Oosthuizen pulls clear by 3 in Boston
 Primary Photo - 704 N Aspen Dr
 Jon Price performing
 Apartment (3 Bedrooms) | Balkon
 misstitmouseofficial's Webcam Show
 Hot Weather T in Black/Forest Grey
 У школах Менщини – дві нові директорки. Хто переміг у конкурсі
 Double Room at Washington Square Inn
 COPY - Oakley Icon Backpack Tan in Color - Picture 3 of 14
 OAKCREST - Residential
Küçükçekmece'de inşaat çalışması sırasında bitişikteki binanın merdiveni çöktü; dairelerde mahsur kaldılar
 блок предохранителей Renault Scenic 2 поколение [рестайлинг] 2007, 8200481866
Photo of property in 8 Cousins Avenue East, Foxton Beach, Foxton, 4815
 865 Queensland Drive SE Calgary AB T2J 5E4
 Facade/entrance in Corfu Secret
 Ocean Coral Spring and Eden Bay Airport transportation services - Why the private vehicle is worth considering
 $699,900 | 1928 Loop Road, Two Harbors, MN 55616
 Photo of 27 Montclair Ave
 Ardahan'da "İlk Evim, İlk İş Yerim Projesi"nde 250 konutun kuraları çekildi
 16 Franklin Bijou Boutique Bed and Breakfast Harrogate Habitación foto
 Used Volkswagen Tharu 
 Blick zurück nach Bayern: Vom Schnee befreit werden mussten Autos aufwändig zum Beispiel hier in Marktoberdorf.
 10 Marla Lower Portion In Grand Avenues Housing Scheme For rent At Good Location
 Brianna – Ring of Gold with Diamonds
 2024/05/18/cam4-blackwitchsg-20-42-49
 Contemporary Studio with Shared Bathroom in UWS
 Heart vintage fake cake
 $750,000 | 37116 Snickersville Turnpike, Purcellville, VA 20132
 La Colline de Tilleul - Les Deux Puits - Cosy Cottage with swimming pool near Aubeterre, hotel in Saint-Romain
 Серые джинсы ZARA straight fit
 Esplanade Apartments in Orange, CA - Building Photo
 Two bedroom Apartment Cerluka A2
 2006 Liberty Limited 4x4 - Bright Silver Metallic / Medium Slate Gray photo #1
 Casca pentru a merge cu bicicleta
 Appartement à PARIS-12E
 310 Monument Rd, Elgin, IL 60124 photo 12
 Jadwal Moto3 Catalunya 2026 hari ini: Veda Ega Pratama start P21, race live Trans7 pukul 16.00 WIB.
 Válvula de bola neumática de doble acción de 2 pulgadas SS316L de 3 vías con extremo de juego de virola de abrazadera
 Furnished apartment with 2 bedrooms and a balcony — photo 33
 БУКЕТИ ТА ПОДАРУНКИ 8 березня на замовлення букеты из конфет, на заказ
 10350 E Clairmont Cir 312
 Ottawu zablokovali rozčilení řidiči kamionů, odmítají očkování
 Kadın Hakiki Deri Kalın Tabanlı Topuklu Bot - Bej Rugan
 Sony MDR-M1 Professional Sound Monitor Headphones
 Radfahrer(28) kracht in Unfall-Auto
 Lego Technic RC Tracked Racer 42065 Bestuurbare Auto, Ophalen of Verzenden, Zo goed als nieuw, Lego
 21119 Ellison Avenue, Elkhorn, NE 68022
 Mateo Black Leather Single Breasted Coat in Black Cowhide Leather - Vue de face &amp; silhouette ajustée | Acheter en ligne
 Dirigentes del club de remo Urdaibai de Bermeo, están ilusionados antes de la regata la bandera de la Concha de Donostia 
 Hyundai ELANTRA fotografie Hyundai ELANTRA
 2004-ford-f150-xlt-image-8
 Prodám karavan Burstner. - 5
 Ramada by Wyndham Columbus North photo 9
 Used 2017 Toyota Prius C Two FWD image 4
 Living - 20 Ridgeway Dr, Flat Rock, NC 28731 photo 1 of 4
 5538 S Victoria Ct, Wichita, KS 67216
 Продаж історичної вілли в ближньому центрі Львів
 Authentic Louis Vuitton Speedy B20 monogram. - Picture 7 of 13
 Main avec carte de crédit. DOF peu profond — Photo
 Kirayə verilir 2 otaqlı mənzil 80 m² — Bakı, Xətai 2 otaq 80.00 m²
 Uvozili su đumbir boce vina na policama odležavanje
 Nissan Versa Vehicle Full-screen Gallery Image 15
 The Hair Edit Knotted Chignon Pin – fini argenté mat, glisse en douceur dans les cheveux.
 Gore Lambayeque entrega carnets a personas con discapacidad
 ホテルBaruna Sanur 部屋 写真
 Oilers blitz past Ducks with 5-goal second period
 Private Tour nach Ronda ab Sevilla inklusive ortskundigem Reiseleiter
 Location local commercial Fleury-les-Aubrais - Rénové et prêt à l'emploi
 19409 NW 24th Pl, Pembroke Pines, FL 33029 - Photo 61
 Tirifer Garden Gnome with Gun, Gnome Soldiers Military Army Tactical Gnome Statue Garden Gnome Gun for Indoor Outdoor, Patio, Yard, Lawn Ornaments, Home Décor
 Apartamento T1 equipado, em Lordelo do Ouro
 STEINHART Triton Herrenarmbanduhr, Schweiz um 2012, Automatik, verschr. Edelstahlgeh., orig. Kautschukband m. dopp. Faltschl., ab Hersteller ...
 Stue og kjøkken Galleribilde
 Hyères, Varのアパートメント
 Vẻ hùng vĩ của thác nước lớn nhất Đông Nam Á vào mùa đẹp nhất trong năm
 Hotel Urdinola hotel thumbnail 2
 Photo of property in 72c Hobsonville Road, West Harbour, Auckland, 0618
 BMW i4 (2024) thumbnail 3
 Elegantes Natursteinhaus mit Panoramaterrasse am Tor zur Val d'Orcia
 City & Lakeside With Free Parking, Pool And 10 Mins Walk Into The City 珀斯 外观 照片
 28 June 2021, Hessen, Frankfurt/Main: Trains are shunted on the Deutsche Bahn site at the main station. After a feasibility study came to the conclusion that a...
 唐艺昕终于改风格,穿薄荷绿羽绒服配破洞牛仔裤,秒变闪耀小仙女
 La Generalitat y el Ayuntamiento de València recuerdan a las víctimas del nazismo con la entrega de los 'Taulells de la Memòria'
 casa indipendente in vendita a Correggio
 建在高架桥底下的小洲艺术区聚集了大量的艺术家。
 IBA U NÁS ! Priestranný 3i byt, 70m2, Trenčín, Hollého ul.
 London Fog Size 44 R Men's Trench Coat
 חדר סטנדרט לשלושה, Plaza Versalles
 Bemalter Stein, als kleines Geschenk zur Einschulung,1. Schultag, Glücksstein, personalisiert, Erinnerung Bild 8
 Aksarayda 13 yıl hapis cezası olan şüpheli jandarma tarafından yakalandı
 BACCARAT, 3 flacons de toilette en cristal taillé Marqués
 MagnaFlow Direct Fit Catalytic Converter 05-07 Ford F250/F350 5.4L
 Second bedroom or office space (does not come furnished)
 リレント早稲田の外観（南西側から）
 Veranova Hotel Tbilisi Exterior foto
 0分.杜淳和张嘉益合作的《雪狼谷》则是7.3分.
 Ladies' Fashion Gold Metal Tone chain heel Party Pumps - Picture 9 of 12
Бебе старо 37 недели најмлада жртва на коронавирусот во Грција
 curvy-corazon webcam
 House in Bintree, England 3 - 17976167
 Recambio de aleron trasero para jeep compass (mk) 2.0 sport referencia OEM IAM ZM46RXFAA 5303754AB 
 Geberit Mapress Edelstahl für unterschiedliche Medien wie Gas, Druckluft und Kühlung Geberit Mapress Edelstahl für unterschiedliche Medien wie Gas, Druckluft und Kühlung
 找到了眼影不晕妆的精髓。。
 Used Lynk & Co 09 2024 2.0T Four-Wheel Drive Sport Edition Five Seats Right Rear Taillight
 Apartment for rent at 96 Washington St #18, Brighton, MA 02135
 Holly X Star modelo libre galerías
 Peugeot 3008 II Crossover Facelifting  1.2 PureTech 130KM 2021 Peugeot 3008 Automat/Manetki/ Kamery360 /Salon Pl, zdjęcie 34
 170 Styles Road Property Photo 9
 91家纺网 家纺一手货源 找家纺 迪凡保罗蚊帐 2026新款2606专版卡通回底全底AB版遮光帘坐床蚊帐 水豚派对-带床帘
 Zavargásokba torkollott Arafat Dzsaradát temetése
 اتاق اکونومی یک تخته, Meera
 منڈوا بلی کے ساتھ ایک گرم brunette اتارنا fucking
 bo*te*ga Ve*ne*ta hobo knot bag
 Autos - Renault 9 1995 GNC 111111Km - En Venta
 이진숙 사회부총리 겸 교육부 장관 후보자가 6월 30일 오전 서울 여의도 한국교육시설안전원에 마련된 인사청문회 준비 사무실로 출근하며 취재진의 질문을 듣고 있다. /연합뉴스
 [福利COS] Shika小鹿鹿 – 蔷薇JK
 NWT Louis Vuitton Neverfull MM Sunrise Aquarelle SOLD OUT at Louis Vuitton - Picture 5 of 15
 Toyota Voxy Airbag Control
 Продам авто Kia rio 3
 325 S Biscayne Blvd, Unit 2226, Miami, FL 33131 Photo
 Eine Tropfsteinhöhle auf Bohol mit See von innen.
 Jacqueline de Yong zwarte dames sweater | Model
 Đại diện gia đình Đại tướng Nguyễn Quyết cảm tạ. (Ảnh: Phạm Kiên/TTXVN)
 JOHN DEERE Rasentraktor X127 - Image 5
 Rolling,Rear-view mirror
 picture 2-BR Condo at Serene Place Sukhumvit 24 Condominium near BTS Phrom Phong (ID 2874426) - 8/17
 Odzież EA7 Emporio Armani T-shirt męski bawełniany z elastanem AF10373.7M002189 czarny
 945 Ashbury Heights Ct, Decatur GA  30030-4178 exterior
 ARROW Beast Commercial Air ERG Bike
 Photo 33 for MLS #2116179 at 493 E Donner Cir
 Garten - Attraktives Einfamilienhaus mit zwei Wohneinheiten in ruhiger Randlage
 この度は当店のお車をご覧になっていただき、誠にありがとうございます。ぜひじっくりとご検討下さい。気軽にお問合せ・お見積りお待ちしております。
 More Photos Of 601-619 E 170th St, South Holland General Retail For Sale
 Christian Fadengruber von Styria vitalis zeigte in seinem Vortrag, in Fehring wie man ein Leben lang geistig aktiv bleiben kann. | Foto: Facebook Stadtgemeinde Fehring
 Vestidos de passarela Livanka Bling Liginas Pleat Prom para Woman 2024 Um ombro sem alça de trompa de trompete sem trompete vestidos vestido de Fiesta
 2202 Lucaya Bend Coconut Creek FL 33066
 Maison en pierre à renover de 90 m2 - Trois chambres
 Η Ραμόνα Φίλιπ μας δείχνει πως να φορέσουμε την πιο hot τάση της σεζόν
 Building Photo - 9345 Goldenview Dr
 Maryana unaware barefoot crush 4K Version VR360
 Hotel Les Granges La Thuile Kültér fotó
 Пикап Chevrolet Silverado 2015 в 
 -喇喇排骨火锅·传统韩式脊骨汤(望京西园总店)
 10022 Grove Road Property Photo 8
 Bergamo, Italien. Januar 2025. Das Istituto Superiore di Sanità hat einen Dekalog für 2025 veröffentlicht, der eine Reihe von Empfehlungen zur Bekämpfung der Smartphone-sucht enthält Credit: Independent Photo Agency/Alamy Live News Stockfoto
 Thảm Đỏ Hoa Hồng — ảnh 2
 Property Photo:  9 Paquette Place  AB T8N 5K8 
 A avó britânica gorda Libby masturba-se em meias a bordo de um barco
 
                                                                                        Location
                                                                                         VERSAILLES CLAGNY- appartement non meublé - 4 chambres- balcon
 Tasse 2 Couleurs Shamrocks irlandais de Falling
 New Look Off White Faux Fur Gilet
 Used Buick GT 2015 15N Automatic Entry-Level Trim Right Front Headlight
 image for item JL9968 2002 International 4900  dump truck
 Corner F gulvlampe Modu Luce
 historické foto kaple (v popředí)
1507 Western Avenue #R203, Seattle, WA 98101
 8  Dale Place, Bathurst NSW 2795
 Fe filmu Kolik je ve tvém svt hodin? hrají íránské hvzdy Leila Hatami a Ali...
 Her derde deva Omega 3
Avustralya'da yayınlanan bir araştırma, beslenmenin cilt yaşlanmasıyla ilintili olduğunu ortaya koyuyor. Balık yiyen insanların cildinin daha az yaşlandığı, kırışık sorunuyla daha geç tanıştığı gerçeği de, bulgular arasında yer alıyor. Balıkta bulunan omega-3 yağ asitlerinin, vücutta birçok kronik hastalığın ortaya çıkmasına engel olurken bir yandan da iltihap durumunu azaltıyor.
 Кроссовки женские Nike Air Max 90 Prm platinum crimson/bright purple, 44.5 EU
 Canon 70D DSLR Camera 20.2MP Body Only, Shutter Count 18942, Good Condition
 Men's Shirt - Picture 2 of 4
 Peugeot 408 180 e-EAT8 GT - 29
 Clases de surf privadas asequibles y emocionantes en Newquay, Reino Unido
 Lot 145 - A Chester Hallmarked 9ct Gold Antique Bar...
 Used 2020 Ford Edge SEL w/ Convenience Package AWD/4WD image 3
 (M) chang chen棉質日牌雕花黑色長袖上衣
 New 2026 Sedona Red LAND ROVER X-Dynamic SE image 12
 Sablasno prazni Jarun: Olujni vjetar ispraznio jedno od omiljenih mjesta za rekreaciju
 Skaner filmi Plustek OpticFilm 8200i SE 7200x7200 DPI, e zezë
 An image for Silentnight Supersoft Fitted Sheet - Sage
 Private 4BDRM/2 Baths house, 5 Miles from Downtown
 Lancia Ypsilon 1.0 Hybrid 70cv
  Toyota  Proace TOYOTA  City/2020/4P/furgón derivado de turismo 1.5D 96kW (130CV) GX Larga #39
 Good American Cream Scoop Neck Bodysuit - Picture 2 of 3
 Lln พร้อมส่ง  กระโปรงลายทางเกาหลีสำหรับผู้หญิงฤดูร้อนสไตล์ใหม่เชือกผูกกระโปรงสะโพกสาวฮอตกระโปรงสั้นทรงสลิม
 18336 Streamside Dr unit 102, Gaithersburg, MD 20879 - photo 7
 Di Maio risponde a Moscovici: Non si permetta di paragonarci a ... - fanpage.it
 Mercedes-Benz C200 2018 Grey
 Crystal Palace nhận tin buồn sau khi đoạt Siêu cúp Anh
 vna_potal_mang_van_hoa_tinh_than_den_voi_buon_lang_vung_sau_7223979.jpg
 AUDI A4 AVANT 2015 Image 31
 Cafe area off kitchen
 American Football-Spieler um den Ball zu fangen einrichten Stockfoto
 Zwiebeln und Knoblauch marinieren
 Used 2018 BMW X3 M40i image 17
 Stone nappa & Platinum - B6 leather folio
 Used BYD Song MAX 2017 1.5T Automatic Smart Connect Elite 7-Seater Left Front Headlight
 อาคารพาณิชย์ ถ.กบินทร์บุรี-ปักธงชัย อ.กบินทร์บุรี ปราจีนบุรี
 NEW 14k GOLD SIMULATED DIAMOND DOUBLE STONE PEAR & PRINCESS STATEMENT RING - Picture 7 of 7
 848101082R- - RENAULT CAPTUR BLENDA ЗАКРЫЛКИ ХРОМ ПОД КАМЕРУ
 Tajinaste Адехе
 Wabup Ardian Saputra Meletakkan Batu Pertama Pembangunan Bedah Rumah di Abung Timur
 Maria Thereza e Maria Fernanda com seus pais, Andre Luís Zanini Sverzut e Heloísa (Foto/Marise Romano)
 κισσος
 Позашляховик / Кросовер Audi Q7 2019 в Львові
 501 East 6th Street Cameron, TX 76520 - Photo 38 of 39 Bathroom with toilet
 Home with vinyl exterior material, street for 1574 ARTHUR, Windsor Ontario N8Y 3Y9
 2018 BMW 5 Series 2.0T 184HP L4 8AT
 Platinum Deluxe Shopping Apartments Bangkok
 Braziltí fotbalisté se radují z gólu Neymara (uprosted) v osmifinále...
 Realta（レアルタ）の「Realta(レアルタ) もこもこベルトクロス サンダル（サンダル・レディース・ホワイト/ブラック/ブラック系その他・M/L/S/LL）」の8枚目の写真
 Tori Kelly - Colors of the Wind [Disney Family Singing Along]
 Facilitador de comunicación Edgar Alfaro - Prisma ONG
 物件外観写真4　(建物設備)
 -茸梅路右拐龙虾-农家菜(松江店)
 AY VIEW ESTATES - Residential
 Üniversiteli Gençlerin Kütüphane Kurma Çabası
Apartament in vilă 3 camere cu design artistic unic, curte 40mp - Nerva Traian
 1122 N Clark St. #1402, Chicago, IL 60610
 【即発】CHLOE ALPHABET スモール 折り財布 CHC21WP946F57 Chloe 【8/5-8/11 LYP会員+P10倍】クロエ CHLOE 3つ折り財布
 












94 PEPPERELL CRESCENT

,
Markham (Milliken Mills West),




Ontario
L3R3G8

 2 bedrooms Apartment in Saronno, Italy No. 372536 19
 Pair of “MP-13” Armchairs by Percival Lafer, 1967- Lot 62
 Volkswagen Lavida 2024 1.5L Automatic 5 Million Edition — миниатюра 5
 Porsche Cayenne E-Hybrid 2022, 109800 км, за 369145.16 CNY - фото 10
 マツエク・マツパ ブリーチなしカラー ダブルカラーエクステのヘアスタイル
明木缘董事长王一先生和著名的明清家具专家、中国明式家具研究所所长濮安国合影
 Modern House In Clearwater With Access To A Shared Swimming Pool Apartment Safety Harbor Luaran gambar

---

Please write out exactly the lines from the start of the data through the line that contains "Facade/entrance in Corfu Secret", both ends included, and nothing else.

Oosthuizen pulls clear by 3 in Boston
 Primary Photo - 704 N Aspen Dr
 Jon Price performing
 Apartment (3 Bedrooms) | Balkon
 misstitmouseofficial's Webcam Show
 Hot Weather T in Black/Forest Grey
 У школах Менщини – дві нові директорки. Хто переміг у конкурсі
 Double Room at Washington Square Inn
 COPY - Oakley Icon Backpack Tan in Color - Picture 3 of 14
 OAKCREST - Residential
Küçükçekmece'de inşaat çalışması sırasında bitişikteki binanın merdiveni çöktü; dairelerde mahsur kaldılar
 блок предохранителей Renault Scenic 2 поколение [рестайлинг] 2007, 8200481866
Photo of property in 8 Cousins Avenue East, Foxton Beach, Foxton, 4815
 865 Queensland Drive SE Calgary AB T2J 5E4
 Facade/entrance in Corfu Secret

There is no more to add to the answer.